Supplied data »
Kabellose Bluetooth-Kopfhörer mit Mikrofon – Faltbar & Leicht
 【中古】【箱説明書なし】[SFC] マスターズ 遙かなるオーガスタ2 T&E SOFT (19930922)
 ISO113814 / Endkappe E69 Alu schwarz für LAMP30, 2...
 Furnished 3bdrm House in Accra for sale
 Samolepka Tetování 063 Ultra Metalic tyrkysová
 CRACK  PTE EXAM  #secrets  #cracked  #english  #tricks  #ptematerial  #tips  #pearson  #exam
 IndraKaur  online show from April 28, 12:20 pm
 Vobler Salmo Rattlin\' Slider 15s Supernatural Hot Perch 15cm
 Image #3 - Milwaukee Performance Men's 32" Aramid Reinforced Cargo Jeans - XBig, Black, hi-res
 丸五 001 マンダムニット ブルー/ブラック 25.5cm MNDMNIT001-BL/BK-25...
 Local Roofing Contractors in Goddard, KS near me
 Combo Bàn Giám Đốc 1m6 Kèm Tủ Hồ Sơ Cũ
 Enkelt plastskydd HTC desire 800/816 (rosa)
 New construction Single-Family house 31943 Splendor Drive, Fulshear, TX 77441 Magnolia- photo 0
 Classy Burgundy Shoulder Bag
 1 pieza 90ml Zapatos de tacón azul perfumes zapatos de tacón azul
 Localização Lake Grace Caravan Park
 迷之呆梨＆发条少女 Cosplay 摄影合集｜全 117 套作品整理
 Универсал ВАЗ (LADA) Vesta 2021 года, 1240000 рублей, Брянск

Task »
From the line that has "T&E SOFT (19930922)" through the line that has "Vobler Salmo Rattlin\'", copy every line exactly as it appears above, and leave out all others.

Written response »
 【中古】【箱説明書なし】[SFC] マスターズ 遙かなるオーガスタ2 T&E SOFT (19930922)
 ISO113814 / Endkappe E69 Alu schwarz für LAMP30, 2...
 Furnished 3bdrm House in Accra for sale
 Samolepka Tetování 063 Ultra Metalic tyrkysová
 CRACK  PTE EXAM  #secrets  #cracked  #english  #tricks  #ptematerial  #tips  #pearson  #exam
 IndraKaur  online show from April 28, 12:20 pm
 Vobler Salmo Rattlin\' Slider 15s Supernatural Hot Perch 15cm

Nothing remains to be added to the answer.